Patients diagnosed with myeloid neoplasms at the Instituto de Prevision Social (IPS) in Asuncion, Paraguay, will undergo on-site whole-genome sequencing (WGS). We utilize the ChromoSeq protocol (Duncavage, NEJM 2021) to capture all relevant cytogenetic and molecular variants in a single assay. This approach renders conventional karyotyping and fluorescent in-situ hybridization (FISH) obsolete, a critical advantage in Paraguay where such conventional infrastructure is not widely available.

Results

Physicians receive a comprehensive cytomolecular report within 4–6 days of sample processing.
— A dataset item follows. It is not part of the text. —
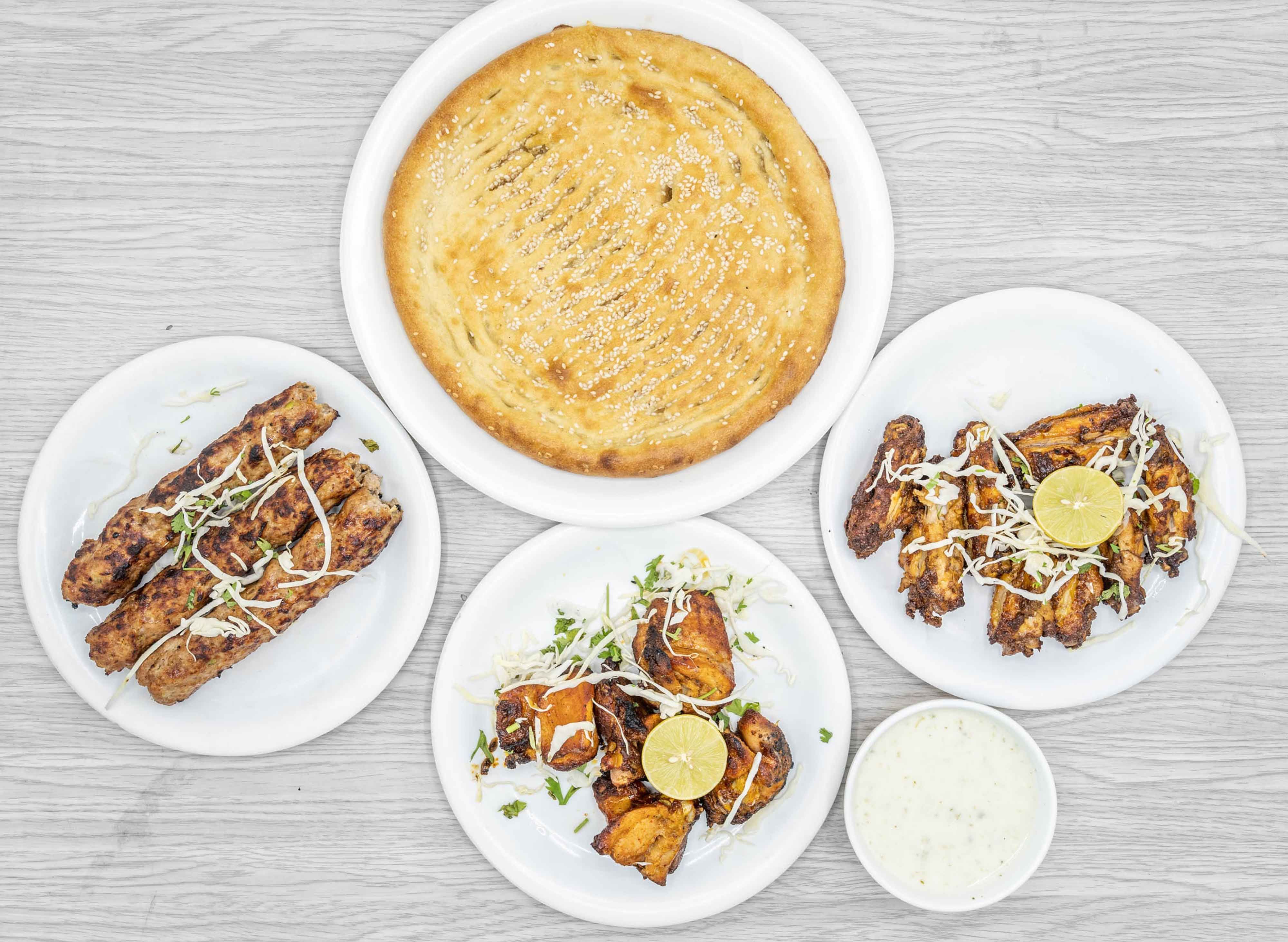 Shehbaz Tikka House Menu In Lahore Food Delivery Lahore Foodpanda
This report details structural variants (e.g., t(8;21), inv(16), KMT2A rearrangements), copy number abnormalities (e.g., del(5q), chromosome deletions/gains), and single-gene variants (e.g., NPM1, FLT3, IDH1/2). These results enable immediate risk stratification and the selection of appropriate therapies, including intensive chemotherapy, venetoclax-based regimens, or stem cell transplantation. Additionally, this molecular data will facilitate engagement with sponsors to design clinical trials specifically for this population.

Conclusion

Conventional cytogenetic testing never fully developed in Paraguay. Molecular characterization via WGS represents a technological leap, bypassing older methods to provide access to state-of-the-art diagnostics. This initiative enables patients with myeloid neoplasms to access superior therapies and aims to significantly improve clinical outcomes.